# Just placed on order on. ....



## delta16 (Nov 29, 2012)

Can't wait 24wk wait though, that's thru vw. Ordered in same colour with winter pack.


----------



## W7 PMC (May 6, 2002)

Very nice. Is it an R?

Did you get one of these crazy cheap Lease deals knocking about?


----------



## delta16 (Nov 29, 2012)

Hi yes it's an R. I got it thru my local dealer instead of these brokers. Paid more but felt that there would be less risk for things to go wrong


----------



## gcp (Aug 8, 2002)

Got one of these on the way too for my mrs, £200 a month with a few extras included.

Got order number and know the supplying dealer, not our nearest but only 25 miles away. March or April delivery though.


----------



## mwad (Oct 11, 2013)

gcp said:


> Got one of these on the way too for my mrs, £200 a month with a few extras included.
> 
> Got order number and know the supplying dealer, not our nearest but only 25 miles away. March or April delivery though.


£200 p/month? That is a brilliant deal


----------



## YELLOW_TT (Feb 25, 2004)

You might want to have a look on here 
http://www.rforum.co.uk/index.php


----------



## red3.2 (Jun 30, 2008)

Got order number and know the supplying dealer, not our nearest but only 25 miles away. March or April delivery though.[/quote]

£200 p/month? That is a brilliant deal[/quote]

But what is the Balloon payment at the end?. Or doesn't anybody worry or care about that?


----------



## gcp (Aug 8, 2002)

red3.2 said:


> Got order number and know the supplying dealer, not our nearest but only 25 miles away. March or April delivery though.


£200 p/month? That is a brilliant deal[/quote]

But what is the Balloon payment at the end?. Or doesn't anybody worry or care about that?[/quote]

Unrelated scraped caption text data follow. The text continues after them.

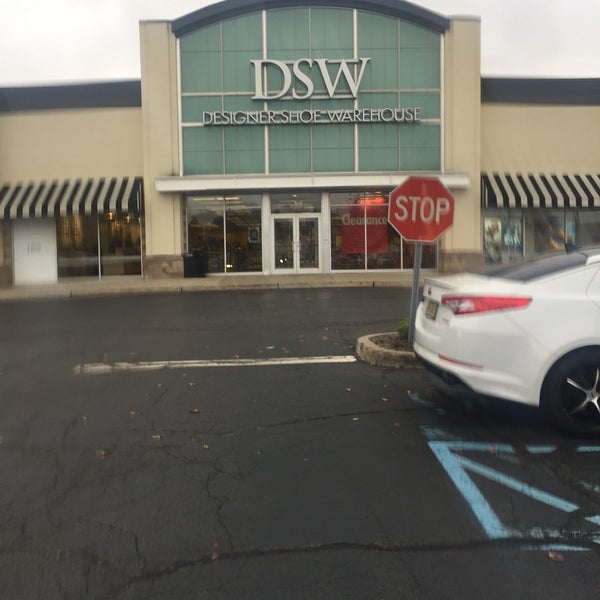 DSW Designer Shoe Warehouse Livingston, NJ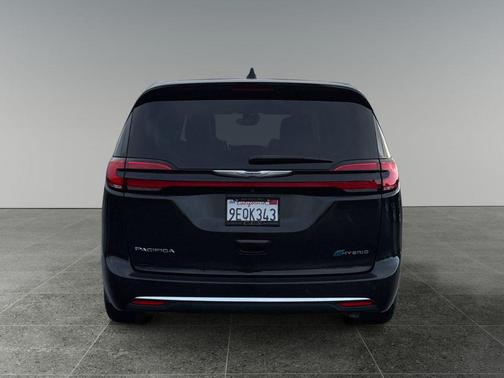 2023 Chrysler Pacifica Hybrid Limited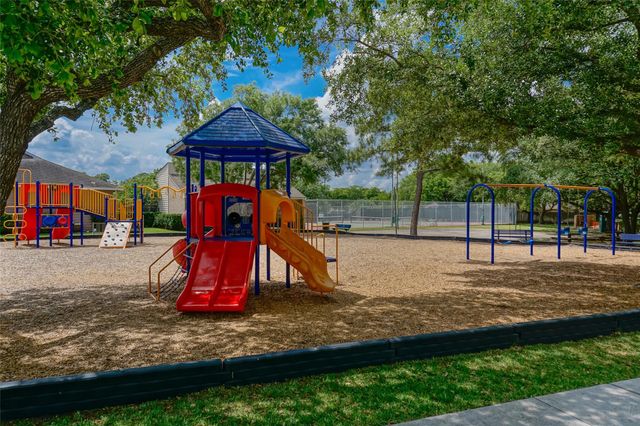 12311 Honeywood Trail, Houston, TX 77077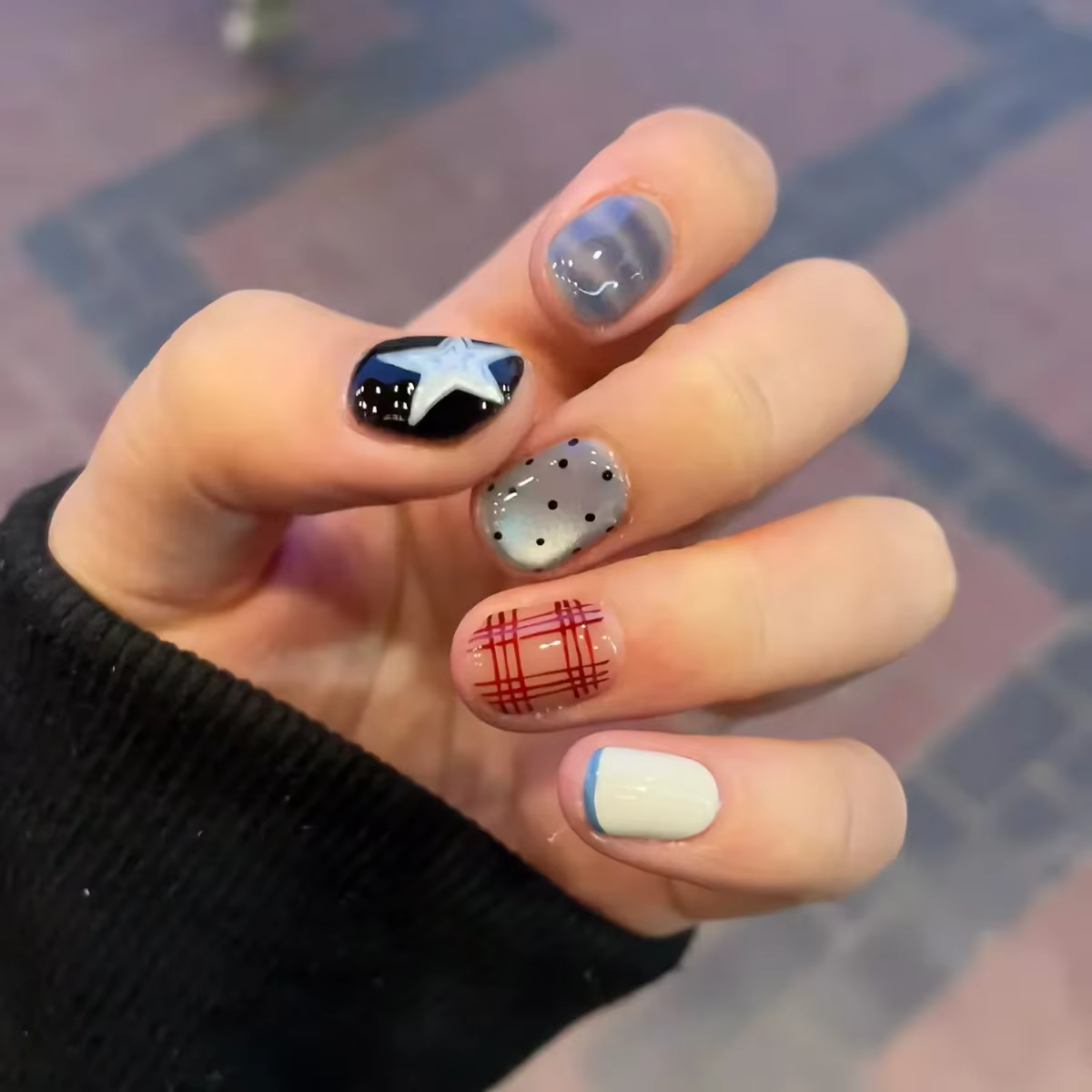 10 pièces ongles à pression de forme ovale courte-rayures de bloc de couleur et dessins d'étoiles fa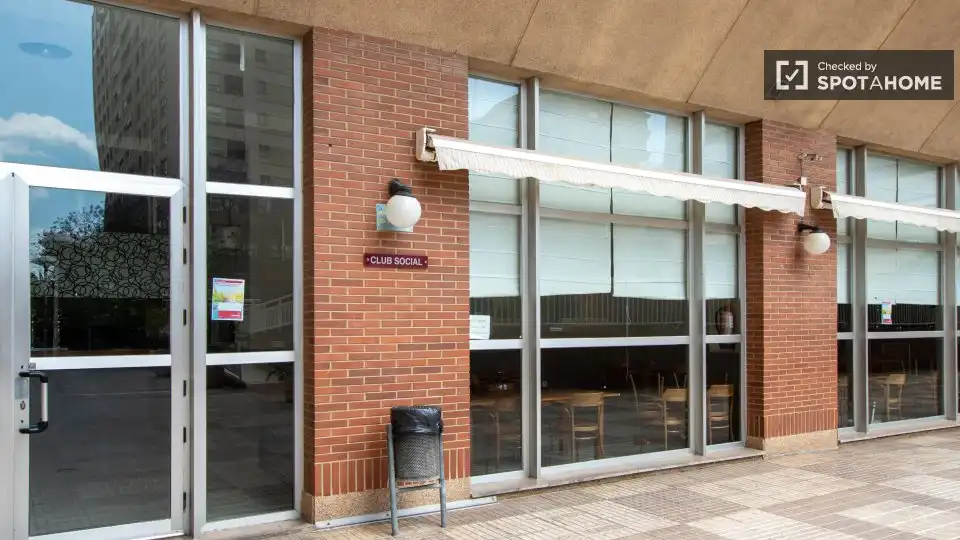 Habitació a Ciutat de les Ciències i de les Arts - Justicia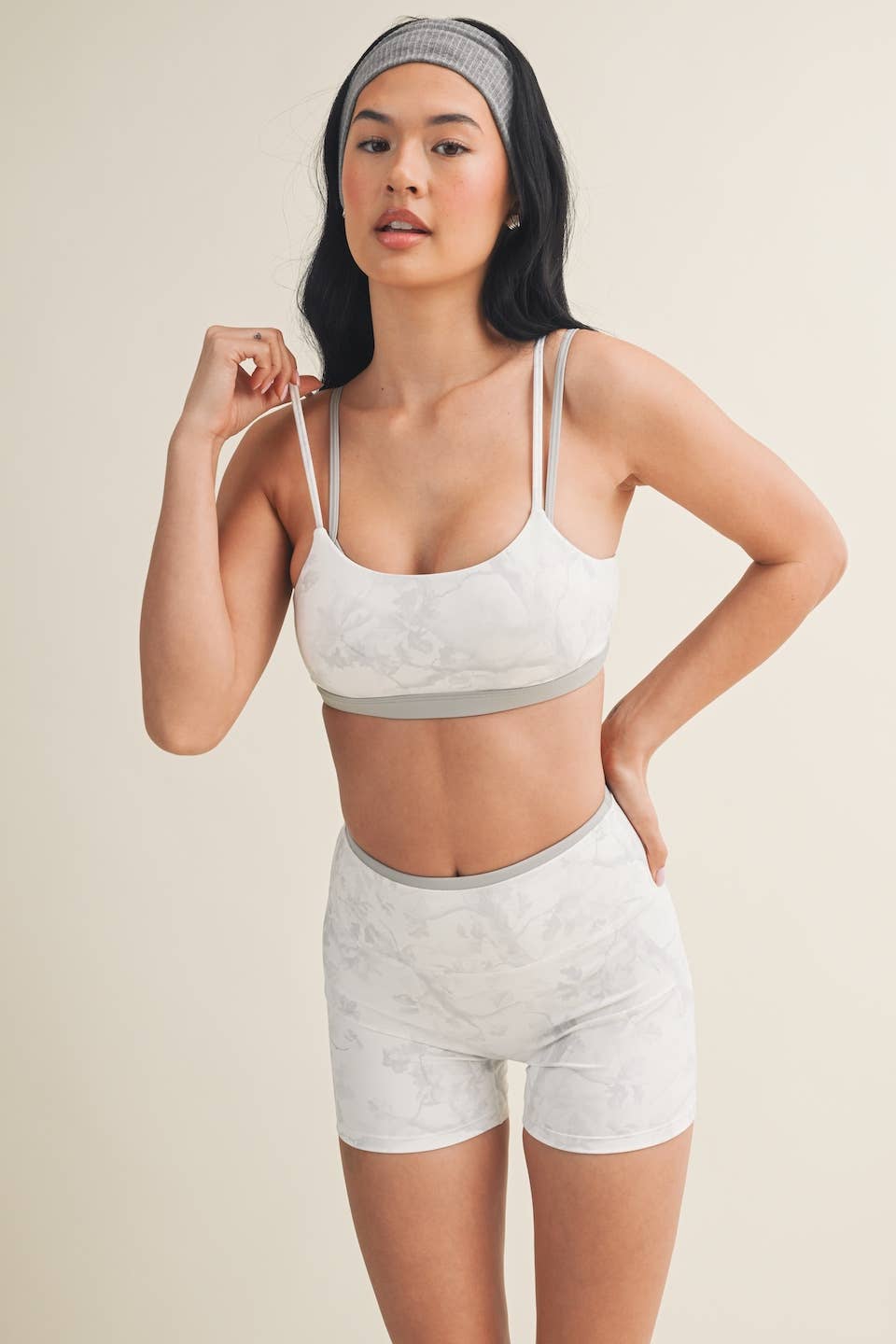 Camo Print Double Layered Sports Bra: Grey Camo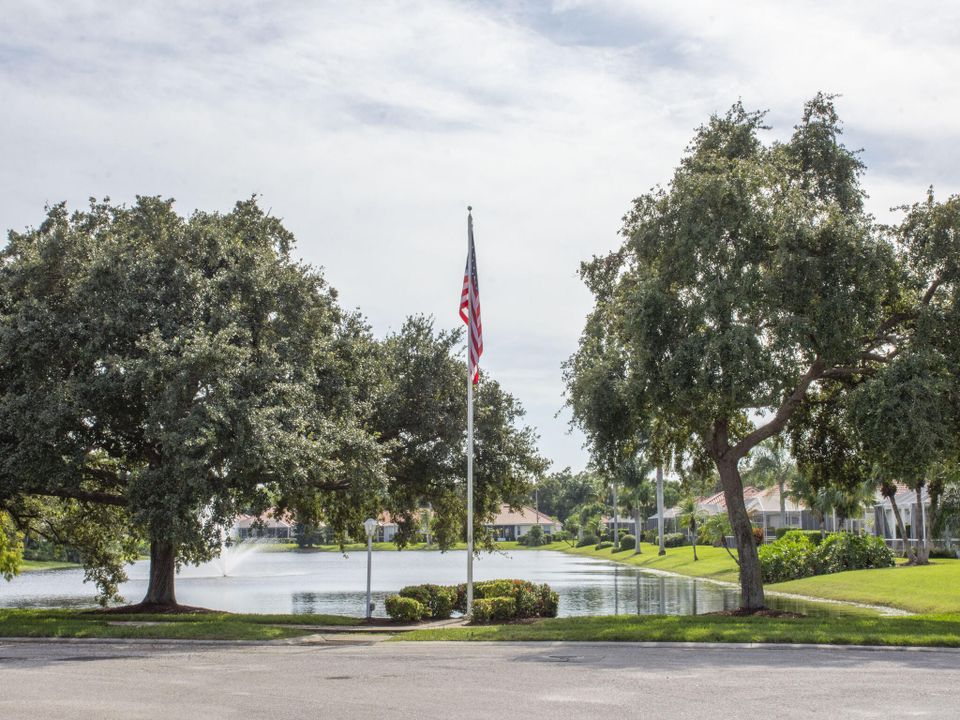 Activo con contrato: $439,900 (3 camas, 2 baños, 1664 Pies cuadrados)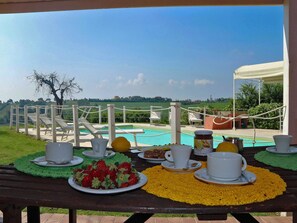 Outdoor pool - Villa with Private Swimming Pool & Panoramic Views near Adriatic Coast (San Costanzo)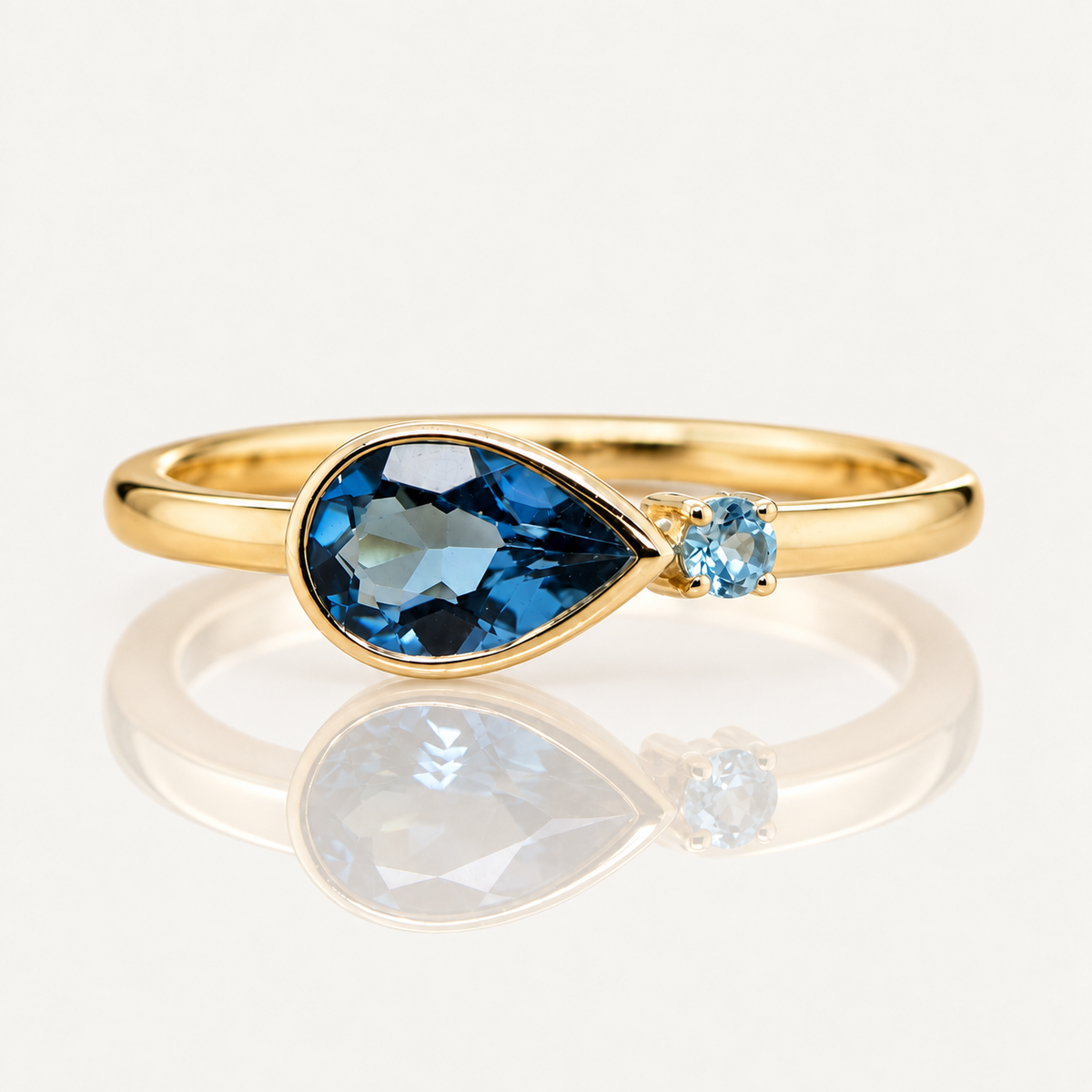 Pear London Blue Topaz Ring | 9ct Yellow Gold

This is a lease, 2 years then hand it back.


----------



## DPG (Dec 7, 2005)

What mileage allowance for £200 a month?


----------



## YELLOW_TT (Feb 25, 2004)

I had my6R in for a service last week and was looking at a very well specked 7R delivery pre regested on a 64 plate delivery mileage leather NAV sunroof etc and after a chat with the salesman (who I know) he advised me not to buy one out right as the lease deals are so good that in 2 years time when all the lease cars are returned chances are the secondhand prices will take a massive hit


----------



## Danny1 (Sep 2, 2010)

£200 p/month! what are the rules on this?? business lease or just a normal ?? mileage allowance?? and where from! :lol:


----------



## gcp (Aug 8, 2002)

All these offers gone now by the look of it.


----------



## mwad (Oct 11, 2013)

gcp said:


> All these offers gone now by the look of it.


Yeah, not much chance of deals quite that good now


----------



## delta16 (Nov 29, 2012)

On to the second stage. Just waiting on build week number


----------



## OnTheMike (Jul 22, 2013)

Had my golf r for 3 months now. Great bit of kit but still missing the TTS for some reason.


----------



## spokenivandrago (Jul 20, 2010)

I was considering an R32 but will go with the TT MK2. Fuel economy an R32 put me off.


----------



## RockKramer (Feb 15, 2012)

Best mate has had his a few weeks... I've never been a golf fan, let alone a 4 door car but I had a pedal... Very impressive car. It rode on passive suspension which was pitched just right for the car. Steering was very accurate, direct but lacked feel as usual. I guess that's how it is and what we have to get used too. Not a car for me but even in the love spec he'd gone for... cloth seats and a few basic toys the R really has something about it. More than I felt for the mk3 TT I test drove a few days later.


----------



## YELLOW_TT (Feb 25, 2004)

What about the Golf R :idea:


----------